Chip reliability goes down significantly when the junction temperature (the hottest temperature in the chip) exceeds 80 C. Every 10 degrees you go above this exponentially reduces chip life. This mostly occurs due to thermomechanical fatigue, where cycling stresses erode connections, cause further hot spots, and failure accelerates catastrophically.
Data centers on land are already having issues keeping
$NVDA chips cooler than 80 C, and keeping the HBM next to the GPU under 90 C.
$META published a notorious report about failure rates training Llama 3, where half of the chips failures were due to physical operational failure, and the failure rate was roughly 9% of chips PER YEAR.
This high failure rate is almost certainly due to thermal cycling.
Notice that the
$SPCX engineer mentions that most of the solar tech is already used on the Starlink satellite, implying this design isn't even really that radical. But they are about to learn the hard way the insidious scaling of surface area to volume ratio.
Having worked on a number of high power cooling applications, scaling a system up almost inevitably makes it harder to cool because the volume grows so much faster than the surface area. Motor designers I know joke that if you make a motor big enough, eventually you just start making really good heaters. This happens because heat is generated in larger volumes with no commensurate increase in surface area to pull that heat out, so everything tends to get hotter internally.
As the power consumption in the volume of the satellite grows, the surface area required to support it grows comically large.
So lets come up with a reasonable estimate for the temperature of the GPU junctions based on their design. Keep in mind, even if the fluid convection had no resistance, and even if there was no conduction resistance through manifolding from the chip to the fluid, and even if there were no contact resistances anywhere in the system, and even if the chips were perfect conductors, the junctions would still be too hot at 100 C.
In reality they will be higher. A great back of the envelope estimate for thermal resistance between a chip package and the fluid in a cold plate heat exchanger is about 0.01 K/W. This is considered pretty good state of the art. Even if I give them the benefit of the doubt and make aggressive assumptions, I would be remiss to say they are getting better than 0.005 K/W with a cold plate. To get better they are going to have to rework the packaging at the chip level.
In this very rosy picture, they are looking at a temperature rise just to the inside of the packaging of around 7 C. Then you have the temperature variation inside the packaging which would make this worse (but we will ignore it).
So even in the rosiest picture I can paint for them, they are getting chip temperatures of 107 C. Again, dead on arrival.

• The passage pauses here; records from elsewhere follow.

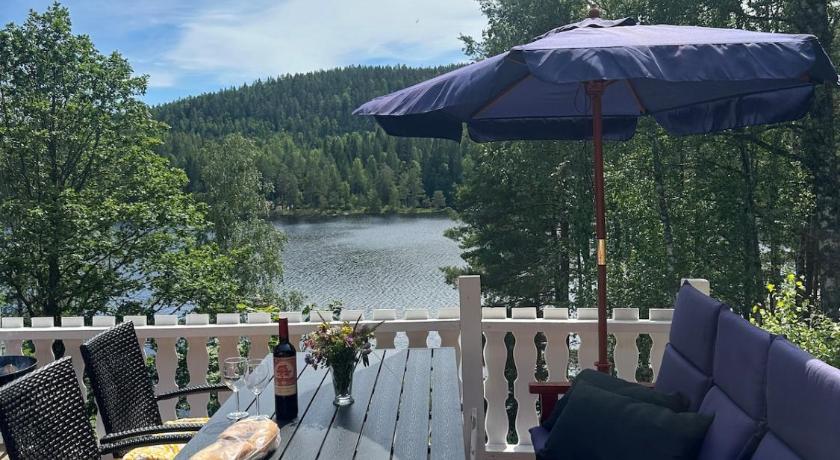 Foto de hytte ved innsjø - Reserva con descuento Agoda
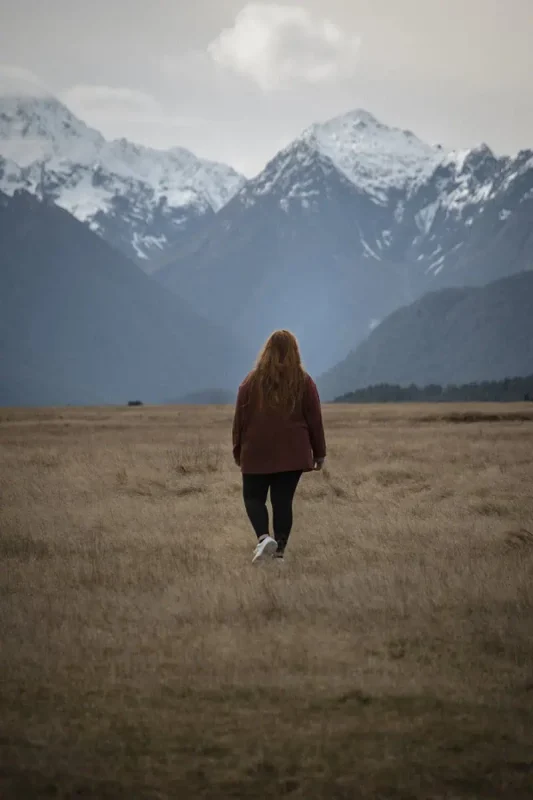 Fiordland & Milford Sound Lord Of The Rings Locations (2025) 20 tasha amy with long hair in a red jacket walks across an open golden field toward sharp snowy peaks in eglinton valley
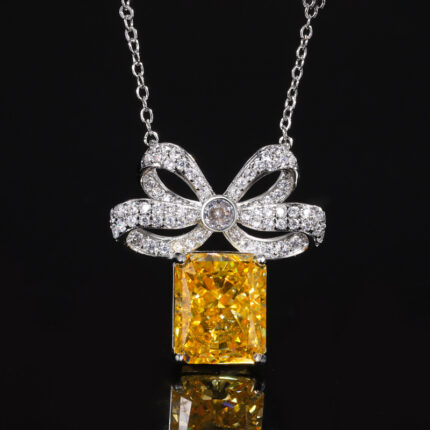 The color gemstone cutting technology is popular, with high carbon content, and the main component carbon element is the same as that of real diamonds. Highly simulated diamond Redion cut ice flower copper temperament light luxury bow pendant for women 10 * 12 wholesale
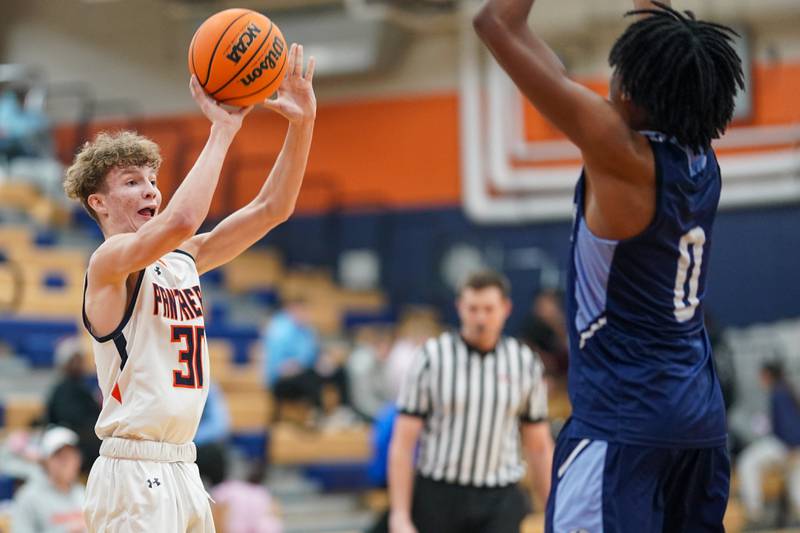 Oswego’s Brayden Borrowman (30) shoots a three pointer against Plainfield South's Kareem Parker (0) during a basketball game at Oswego High School on Friday, January 17, 2025.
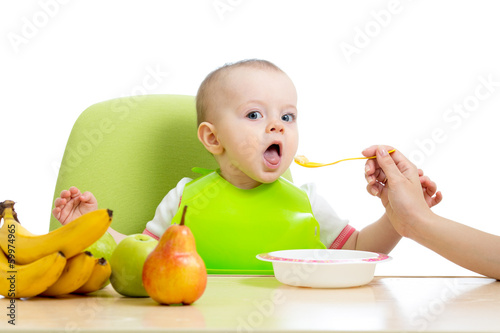 Photo: baby eating healthy food fruits baby eating healthy food fruits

In reality, the chips will get much hotter. Without doing the analysis, it's not unreasonable to think that these chips won't be able to operate at average power under about 150 C.
To get the radiator to emit at an average temperature of 100 C, the fluid actually has to get much hotter. As the fluid moves through the radiator, it will cool down, reducing the total heat dissipated by the radiator. You can get around this somewhat by massively overpowering your pumps so they are pumping an enormous amount of fluid, but the weight required will not be kind on the payload. For example, if you want a 1 degree temperature drop across the radiator, you will need around a 10-20 GPM pump, which generally is around 10-20 HP (7.5-15 kW) and weighs 200-300 lbs each! If they want redundancy, just the pumps will be 15% of the weight of the payload at 70 kW/metric ton!
If we reduce the pumps by 10x, expect a drop in fluid temperature around 10 C. So now the chip is nearly 120 C. Add in imperfect emissivity and contact resistances, and your junction temperatures will easily exceed 150 C in the chip and the chips will fail.
But again, these are all details. Even in a completely perfect system, the chips run at 100 C and will fail.
Now to be clear, do I think that with enough time and money you could get a GB300 rack to run in space? Sure. But this looks a a quagmire of a decade project that will either drastically under-deliver or just get canned because it's extremely impractical and is not competitive with land based systems.
Literally the only positive for putting these in space is the lack of regulations to put them there.